** Opening DATA IN THIS EXERCISE block **
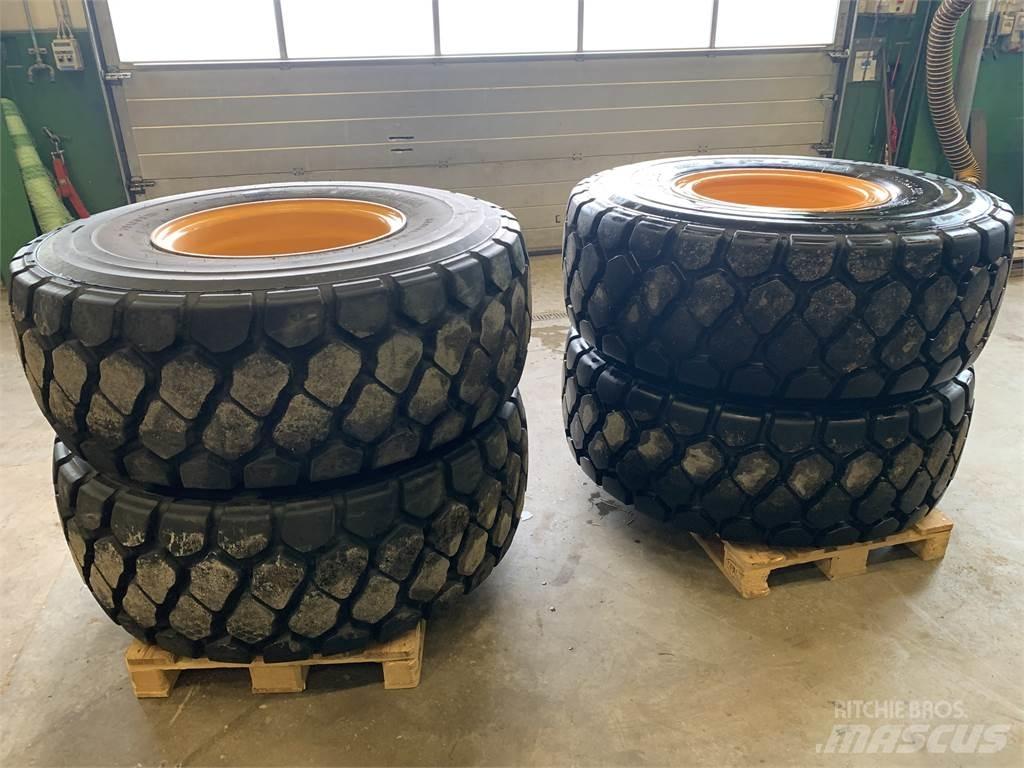 Yokohama RB31 輪胎、車輪和輪圈
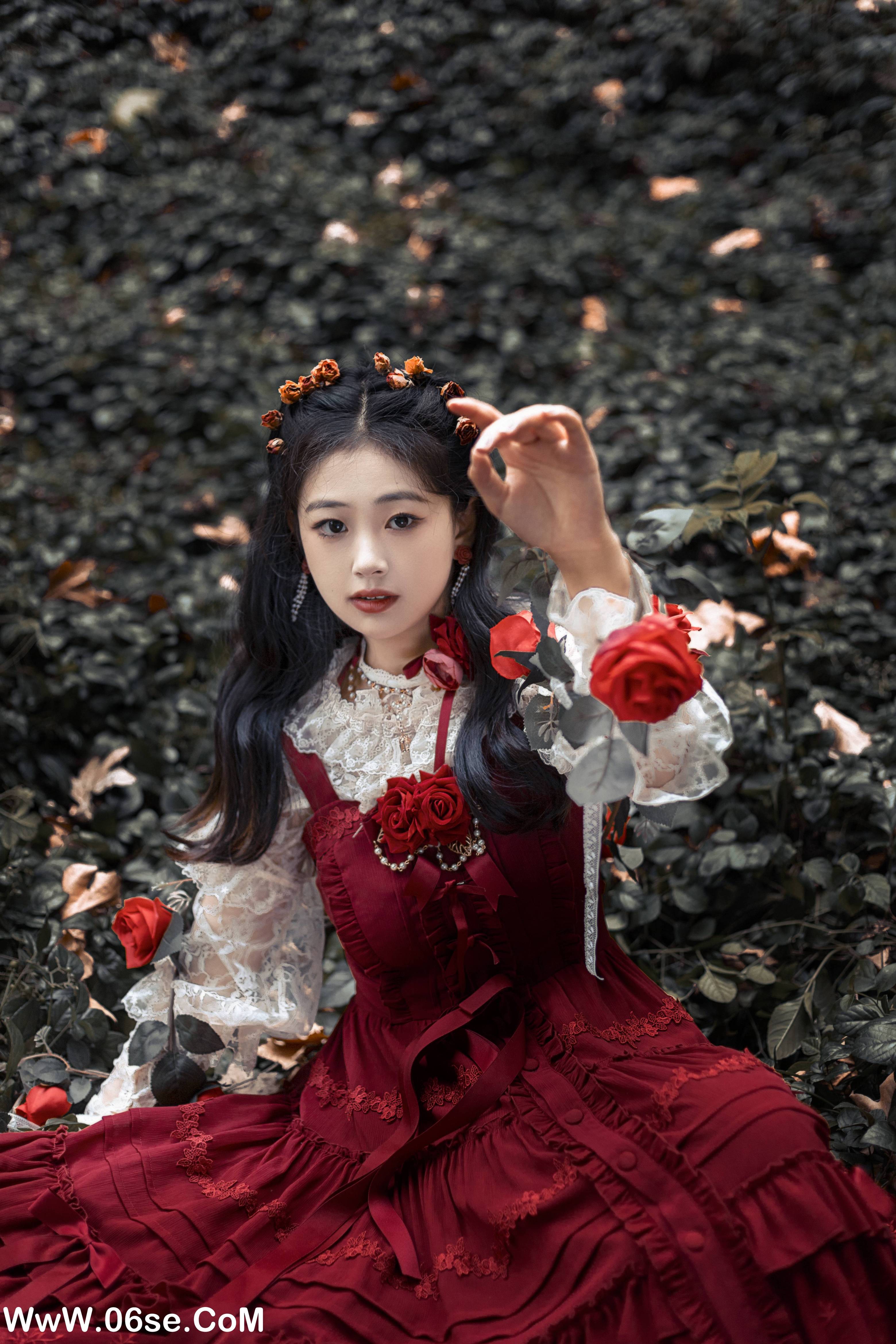 图片[6]-[YITUYU艺图语]2022.11.05 最后一朵玫瑰 ASOE[24+1P／404MB]-六色网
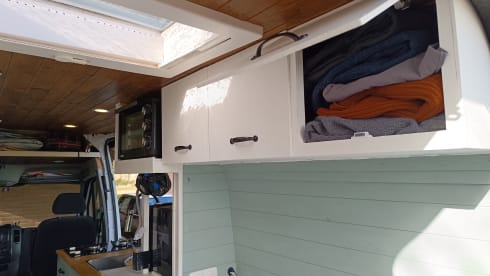 Very complete MB Sprinter 2p off-grid 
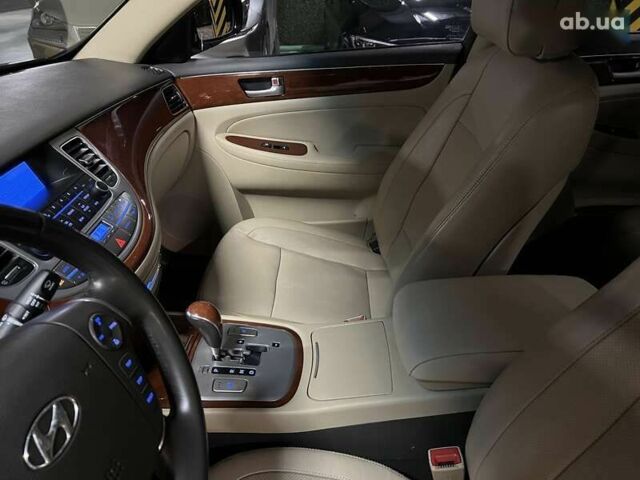 Хендай Генезис, объемом двигателя 3.8 л и пробегом 222 тыс. км за 9999 $, фото 22 на Automoto.ua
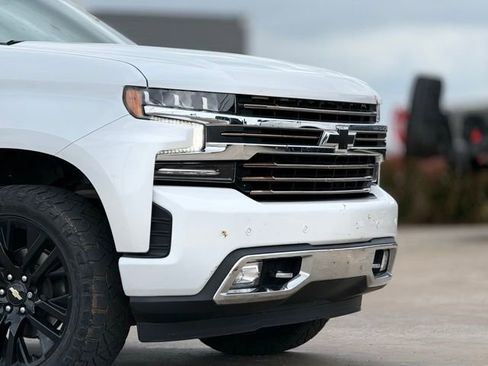 Used 2022 Chevrolet Silverado 1500 High Country w/ LPO, Dark Essentials Package image 8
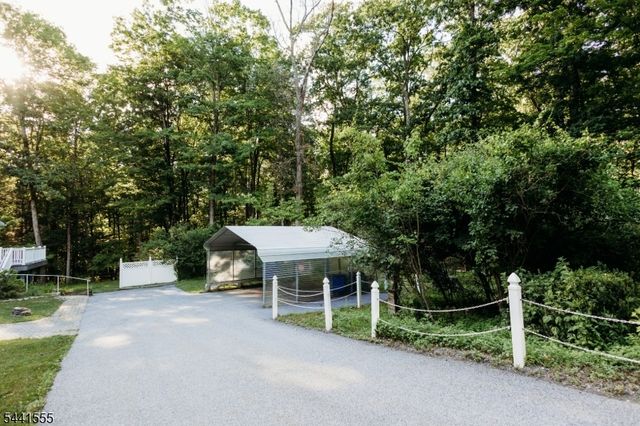 7 New Myrtle Dr, Montague Twp., NJ 07827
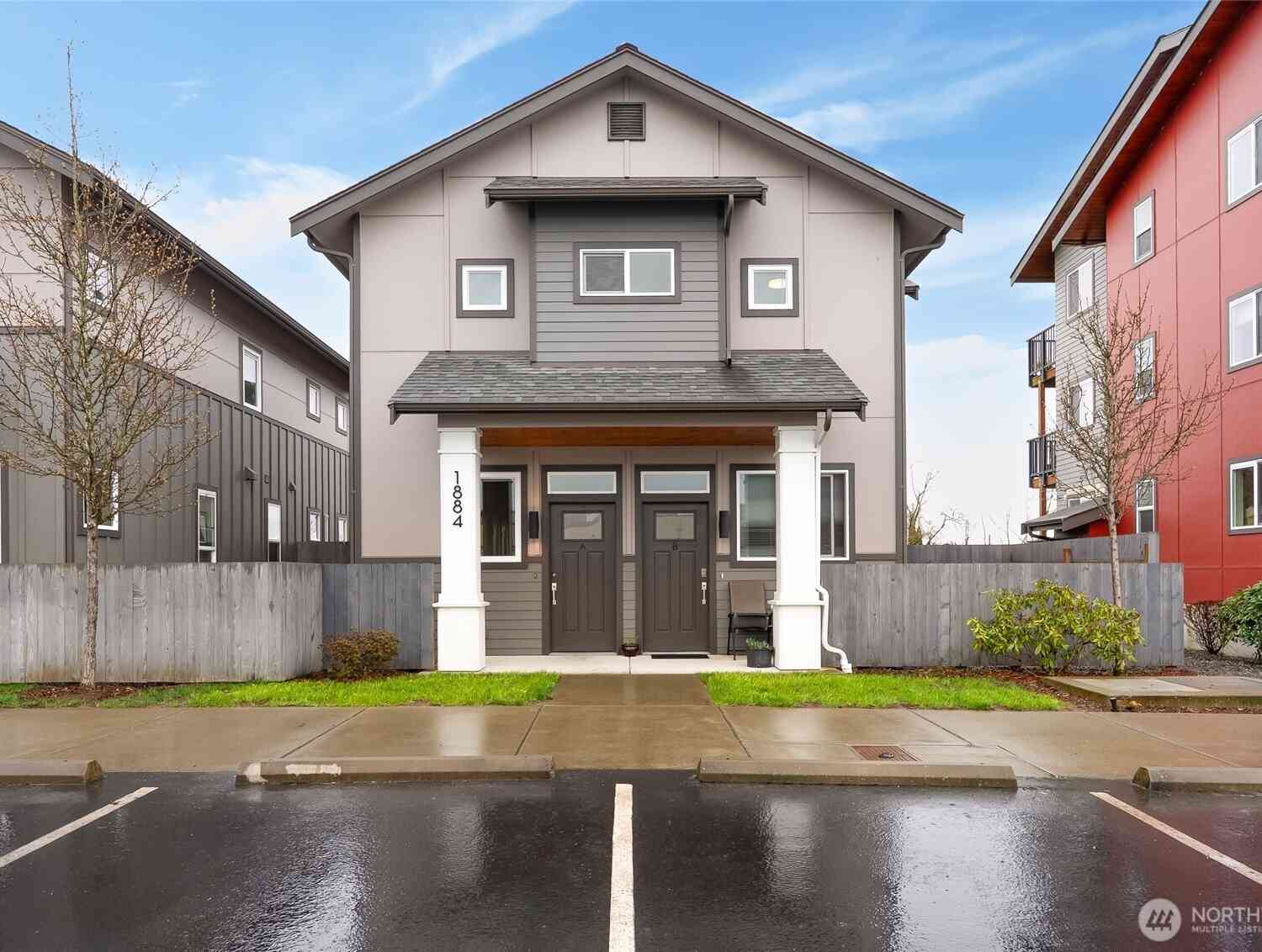 Condo For Sale - 1884 Front Street #B<br/> Whatcom County, Lynden, WA 98264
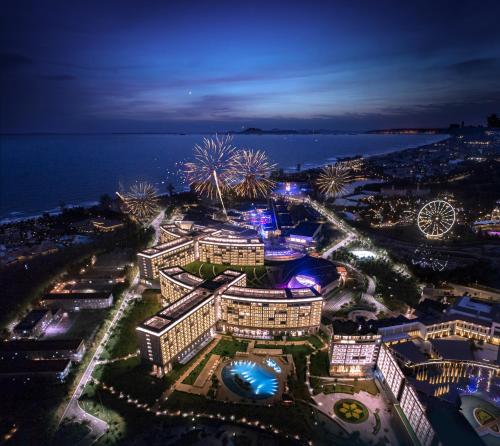 Фотография гостиницы VinOasis Phu Quoc (Unlimited Access to Water Park)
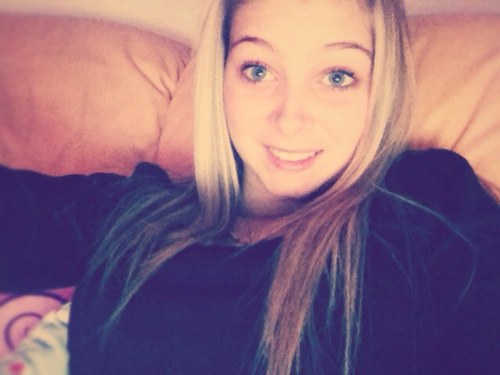 axellecostanza1's profile picture. 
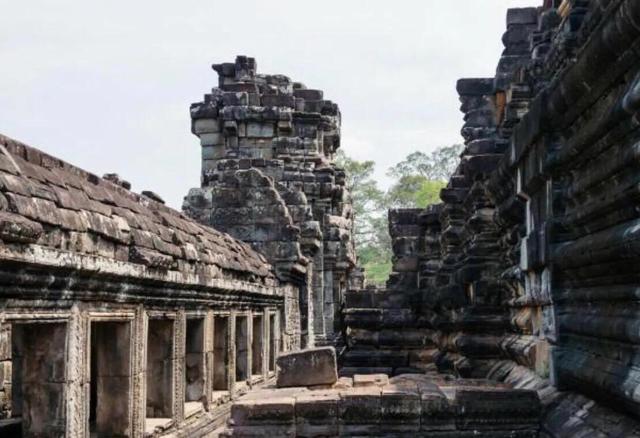 高棉的微笑（第一集）吴哥窟探秘历险记（Angkor Wat)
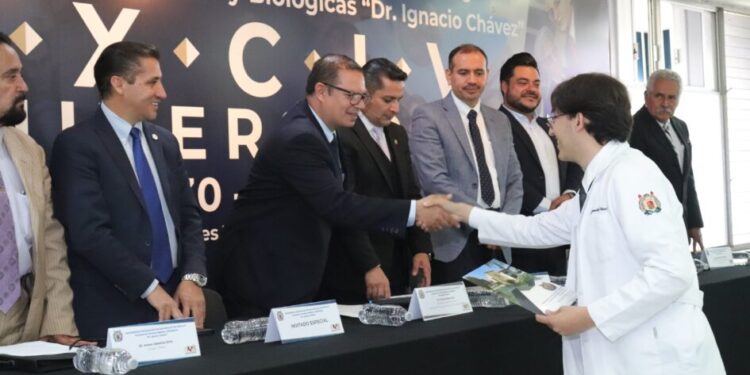 Facultad de Ciencias Médicas y Biológicas de la UMSNH líder a nivel nacional en Premios a la Excelencia: Secretario Académico-Morelia Informativo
** Closing DATA IN THIS EXERCISE block **
Retype exactly, and only, the lines from the one containing "Used 2022 Chevrolet" through the end of the material, leaving aside every picture.

RESULT OF THE TASK:
 Used 2022 Chevrolet Silverado 1500 High Country w/ LPO, Dark Essentials Package image 8
 7 New Myrtle Dr, Montague Twp., NJ 07827
 Condo For Sale - 1884 Front Street #B<br/> Whatcom County, Lynden, WA 98264
 Фотография гостиницы VinOasis Phu Quoc (Unlimited Access to Water Park)
 axellecostanza1's profile picture. 
 高棉的微笑（第一集）吴哥窟探秘历险记（Angkor Wat)
 Facultad de Ciencias Médicas y Biológicas de la UMSNH líder a nivel nacional en Premios a la Excelencia: Secretario Académico-Morelia Informativo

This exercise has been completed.